Our first indication that this is not your Sunday-school Noah comes early, in a scene where Noah (Russell Crowe) stumbles upon an animal wounded by a trio of hunters, and takes them all out singlehandedly. The moment is jarring, like a Gladiator deleted scene cut into our Bible story out of nowhere, but that’s just the beginning of the picture’s peculiar fusing of biblical narrative and ultra-traditional, heroes-and-villains, period battle epic. He envisions “The Watchers,” fallen angels who first antagonize Noah and then help build the massive ark, as giant rock monsters that move and verbalize in a manner, I’m afraid, a bit too reminiscent of Transformers. He gives us a scenery-chewing bad guy in the form of Tubal-cain (Ray Winstone), ruler of the wicked land, who rustles up an army to “crush those giants” and take the ark as his own personal safe haven; this results in a giant battle sequence that feels like something out of The Two Towers. And he creates a third act where he seems to have lost interest in Noah altogether, and decided to tell the story of Abraham and Isaac instead.
Surprisingly, these deviations from the text have resulted in little pushback from the religious community Paramount has so aggressively courted (with an eye, no doubt, on those monster Passion of the Christ grosses); after some initial concern, it appears that such evangelical interests as, ugh, Focus on the Family are on board with the movie. (Well, some are still taking to Fox News to complain about Aronofsky using “Creator” instead of “God,” a grievance so stupid I can’t even begin to wrap my head around it.) Even if they were objecting to the filmmaker playing fast and loose with the Bible, that wouldn’t matter much — and it wouldn’t account for those elements of the film not working. It’s not a matter of fidelity; it’s that, in those sequences, we can feel the filmmaker trying to work in conventional narrative elements, presumably to make his movie more palatable to mainstream audiences. It’s obvious, and frankly, it’s a little condescending.
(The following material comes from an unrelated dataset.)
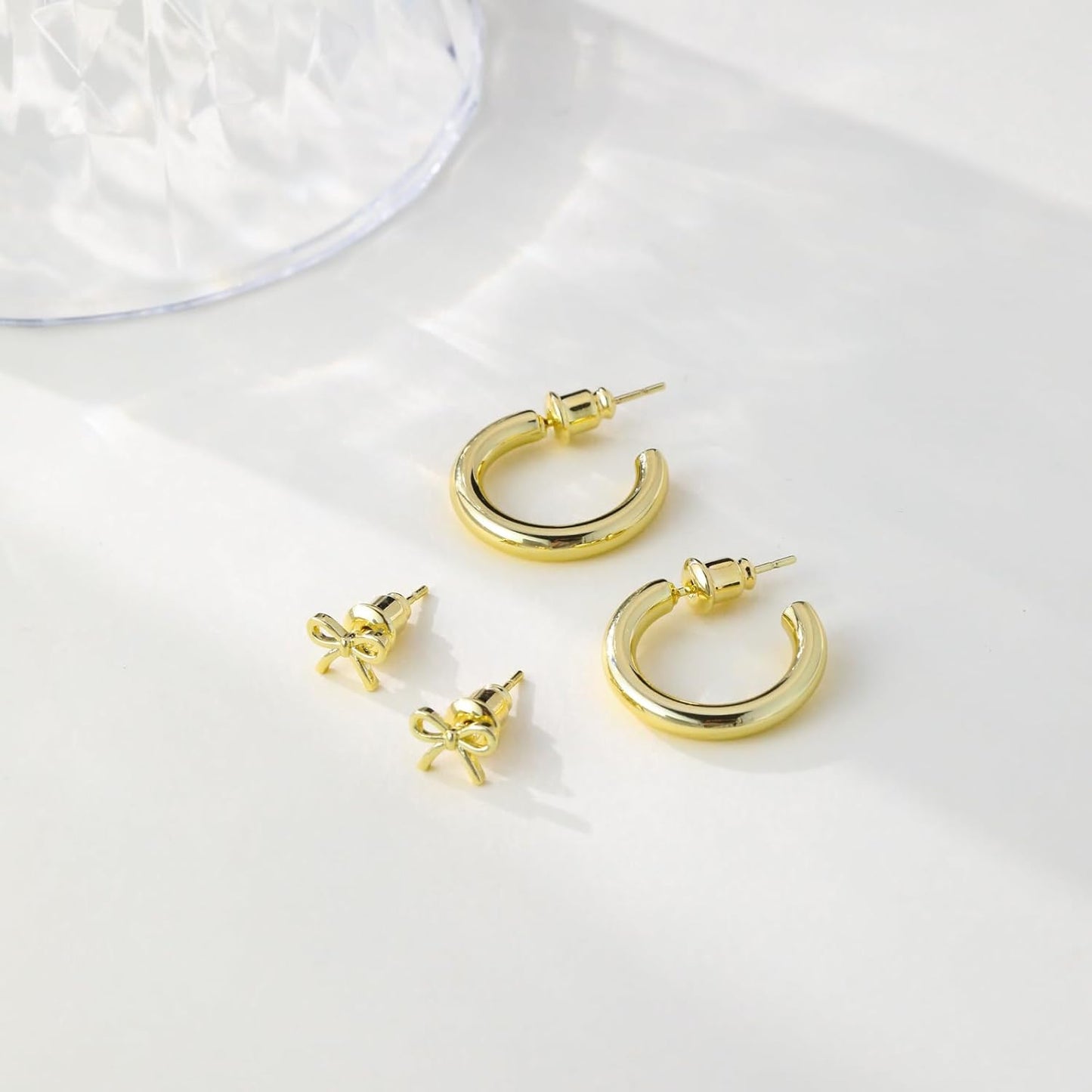 Gold Hoop Earrings Set for Women Trendy, 14K Gold Plated Chunky Hypoallergenic Small Diamond Cartilage Hoops Cute Cubic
What’s most surprising about Noah is that Aronofsky’s most striking images and most bracing moments come not from these deviations, but from sticking close to the text at hand. (Maybe that’s not surprising — have you read the Old Testament? Pretty dark!) There are dream sequences and hallucinatory visions a-plenty of striking snakes and wide-eyed bodies floating through the coming flood; there are scenes of fire and blood and pits of corpses. And then there is the flood sequence itself, riveting from the initial shots of the rumbling, blackening sky and the visceral intensity of the first drop of rain, which falls like a knife. The entire section left this viewer agog; you get the feeling Aronofsky’s been waiting for it as eagerly as his audience, as he pelts us with bravura effects and nightmarish compositions (Matthew Libatique’s cinematography is stunningly hellish), prodded on by Clint Mansell’s urgent, terrifying score.
At the conclusion of that sequence, Aronofsky and Libatique give us their most stunning image of all: the ark passing a mountain of the dying, a pile-up of wailing and shrieking (and drowning) bodies, a makeshift island in this sudden ocean. After taking in that haunting visual, one starts to understand why a filmmaker like Aronofsky wanted to tell this story in the first place — and the film is at its best when it untethers him, giving in to his inclinations towards the wildly experimental and unconventional.
Yet Noah cannot be that film — as, indeed, no big-studio Bible movie (even one that takes as many liberties as this) can be. There are just too many masters to serve, and Noah often strains under the weight of trying to be everything to everyone, an art film and a kick-ass studio blockbuster and an act of faith, simultaneously. Movies that attempt that much plate-spinning usually topple over, often spectacularly, and by most measures, Noah is a mess. But the freedom to make this kind of a mess can yield spectacular results, both on a micro and macro level. Noah is not a great a movie, but its nutso aesthetic and shoot-the-works style results in more genuinely haunting moments and lingering images than an entire season of smoothly executed, “well made” films.